Sqlite comes built-in provided by the standard-lib sqlite3 module. Other backends can be installed using the following instead:

pip install peewee[mysql]  # Install peewee with pymysql.
pip install peewee[postgres]  # Install peewee with psycopg2.
pip install peewee[psycopg3]  # Install peewee with psycopg3.

# AsyncIO implementations.
pip install peewee[aiosqlite]  # Install peewee with aiosqlite.
pip install peewee[aiomysql]  # Install peewee with aiomysql.
pip install peewee[asyncpg]  # Install peewee with asyncpg.

Examples

Defining models is similar to Django or SQLAlchemy:

from peewee import *
import datetime


db = SqliteDatabase('my_database.db')

class BaseModel(Model):
    class Meta:
        database = db

class User(BaseModel):
    username = CharField(unique=True)

class Tweet(BaseModel):
    user = ForeignKeyField(User, backref='tweets')
    message = TextField()
    created_date = DateTimeField(default=datetime.datetime.now)
    is_published = BooleanField(default=True)

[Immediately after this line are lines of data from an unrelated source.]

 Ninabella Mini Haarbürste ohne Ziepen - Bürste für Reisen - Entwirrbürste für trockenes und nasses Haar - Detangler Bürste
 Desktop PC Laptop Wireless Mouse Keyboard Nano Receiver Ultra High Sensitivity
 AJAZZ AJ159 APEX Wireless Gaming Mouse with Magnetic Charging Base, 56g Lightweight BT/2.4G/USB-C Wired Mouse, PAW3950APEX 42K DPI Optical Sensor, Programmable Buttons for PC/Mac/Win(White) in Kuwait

Connect to the database and create tables:

db.connect()
db.create_tables([User, Tweet])

Create a few rows:

charlie = User.create(username='charlie')
huey = User(username='huey')
huey.save()

# No need to set `is_published` or `created_date` since they
# will just use the default values we specified.
Tweet.create(user=charlie, message='My first tweet')

Queries are expressive and composable:

# A simple query selecting a user.
User.get(User.username == 'charlie')

# Get tweets created by one of several users.
usernames = ['charlie', 'huey', 'mickey']
users = User.select().where(User.username.in_(usernames))
tweets = Tweet.select().where(Tweet.user.in_(users))

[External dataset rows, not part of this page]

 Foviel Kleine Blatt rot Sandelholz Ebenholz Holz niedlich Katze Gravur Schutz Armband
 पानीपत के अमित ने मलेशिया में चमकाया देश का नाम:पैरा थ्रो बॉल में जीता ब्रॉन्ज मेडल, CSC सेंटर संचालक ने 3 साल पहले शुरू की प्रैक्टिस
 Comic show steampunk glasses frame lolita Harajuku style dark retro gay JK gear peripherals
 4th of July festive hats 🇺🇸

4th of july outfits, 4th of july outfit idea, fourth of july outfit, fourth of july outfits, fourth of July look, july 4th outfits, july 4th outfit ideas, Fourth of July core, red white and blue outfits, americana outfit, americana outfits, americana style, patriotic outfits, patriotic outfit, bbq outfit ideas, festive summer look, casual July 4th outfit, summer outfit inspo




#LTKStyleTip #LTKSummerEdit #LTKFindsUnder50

# We could accomplish the same using a JOIN:
tweets = (Tweet
          .select()
          .join(User)
          .where(User.username.in_(usernames)))

# How many tweets were published today?
tweets_today = (Tweet
                .select()
                .where(
                    (Tweet.created_date >= datetime.date.today()) &
                    (Tweet.is_published == True))
                .count())

# Paginate the user table and show me page 3 (users 41-60).
User.select().order_by(User.username).paginate(3, 20)

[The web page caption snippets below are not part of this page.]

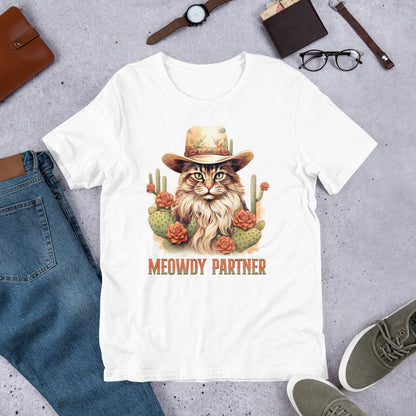 Cowboy Cat Shirt, Funny Cat Shirt, Country Western Top, Kitty Tee, Funny Cat Tee, Cat Lovers Tee, Meowdy Partner Shirt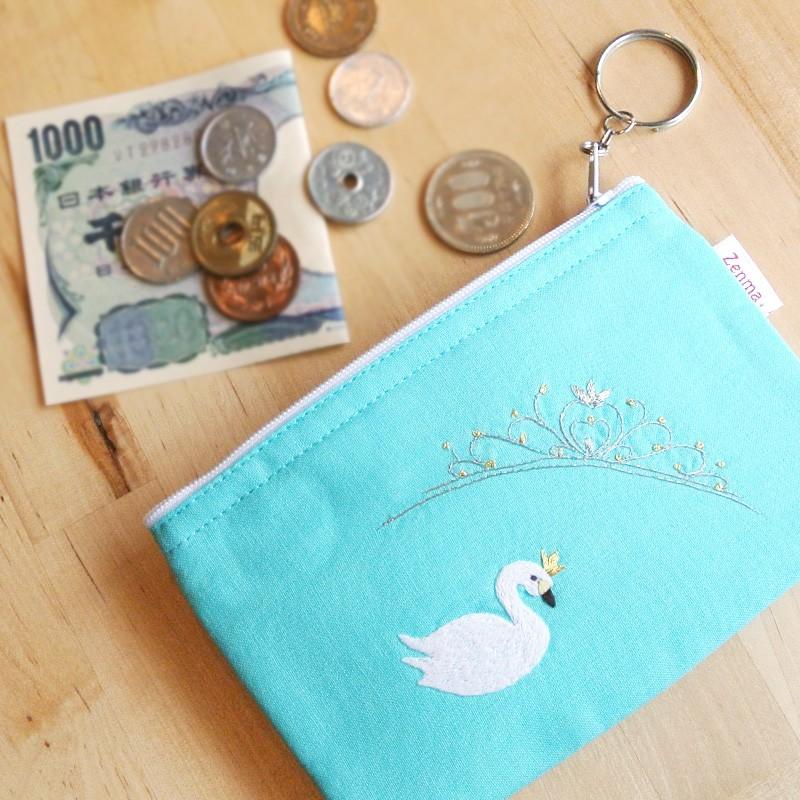 ポーチ 白鳥の湖 ハンドメイド ハクチョウ 音楽雑貨 手刺繍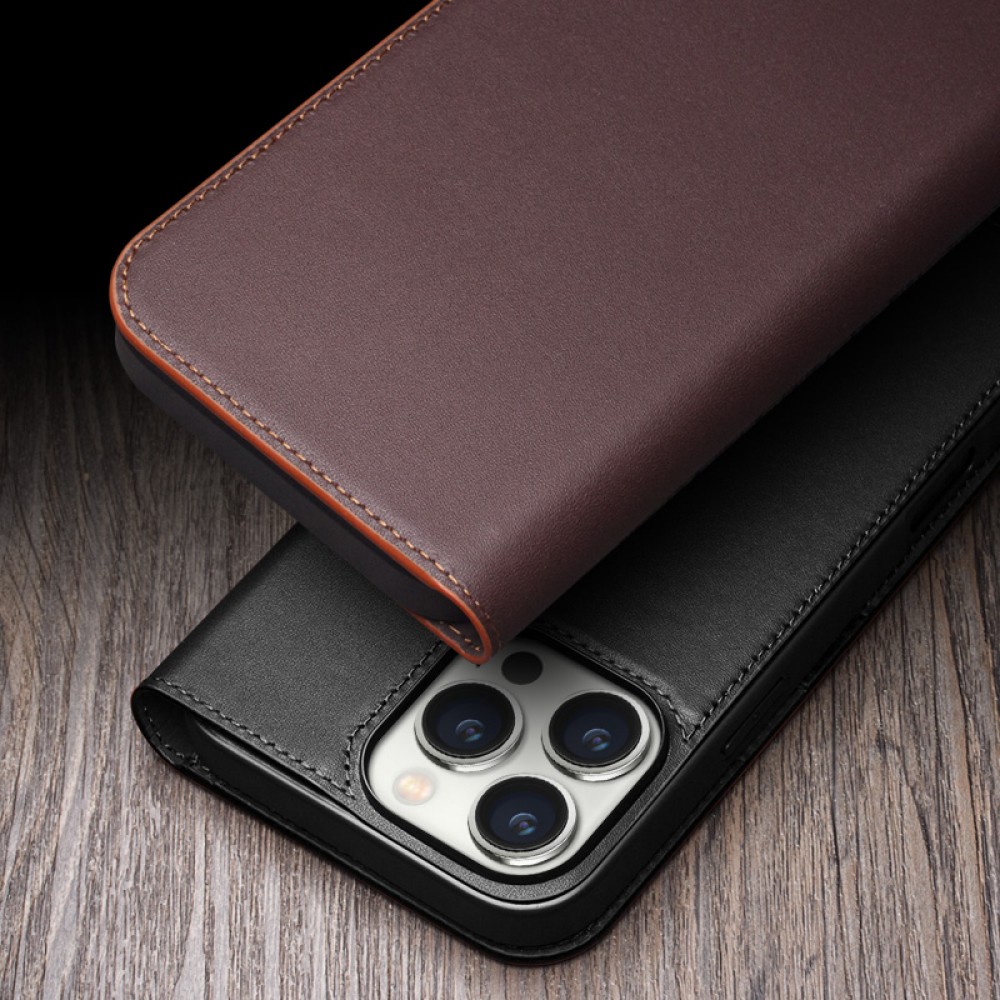 Fourre iPhone 16 Plus - Flip Qialino Matt Wallet cuir véritable - Brun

# Order users by the number of tweets they've created:
tweet_ct = fn.Count(Tweet.id)
users = (User
         .select(User, tweet_ct.alias('ct'))
         .join(Tweet, JOIN.LEFT_OUTER)
         .group_by(User)
         .order_by(tweet_ct.desc()))

# Do an atomic update (for illustrative purposes only, imagine a simple
# table for tracking a "count" associated with each URL). We don't want to
# naively get the save in two separate steps since this is prone to race
# conditions.
Counter.update(count=Counter.count + 1).where(Counter.url == request.url).execute()

Check out the example twitter app.

Asyncio

import asyncio
from peewee import *
from playhouse.pwasyncio import AsyncPostgresqlDatabase

db = AsyncPostgresqlDatabase('my_app')

class User(db.Model):
    username = CharField(unique=True)

class Tweet(db.Model):
    user = ForeignKeyField(User, backref='tweets')
    message = TextField()

async def main():
    async with db:
        await db.acreate_tables([User, Tweet])

        # Queries are awaited on the event loop using asyncpg.
        huey = await User.acreate(username='huey')
        tweet = await Tweet.acreate(user=huey, message='meow')

        async with db.atomic():
            tweet.message = 'purr'
            await tweet.asave()

        # Create a query - nothing is executed yet.
        query = Tweet.select(Tweet, User).join(User)

        # Execute and buffer the results.
        tweets = await query.aexecute()  # Or: await db.list(query)
        for tweet in tweets:
            print(tweet.user.username, '->', tweet.message)

        # Streaming results via server-side cursor.
        async for tweet in db.iterate(query):
            print(tweet.user.username, '->', tweet.message)

    await db.close_pool()

asyncio.run(main())

See the asyncio docs for details.

Learning more

Check the documentation for more examples.

Specific question? Come hang out in the #peewee channel on irc.libera.chat, or post to the mailing list, http://groups.google.com/group/peewee-orm . If you would like to report a bug, create a new issue on GitHub.

Still want more info?

https://media.charlesleifer.com/blog/photos/wat.jpg

I’ve written a number of blog posts about building applications and web-services with peewee (and usually Flask). If you’d like to see some real-life applications that use peewee, the following resources may be useful:

Project details


Release history Release notifications | RSS feed

Download files

Download the file for your platform. If you're not sure which to choose, learn more about installing packages.

Source Distribution

peewee-4.2.5.tar.gz (778.8 kB view details)

Uploaded Source

Built Distribution

If you're not sure about the file name format, learn more about wheel file names.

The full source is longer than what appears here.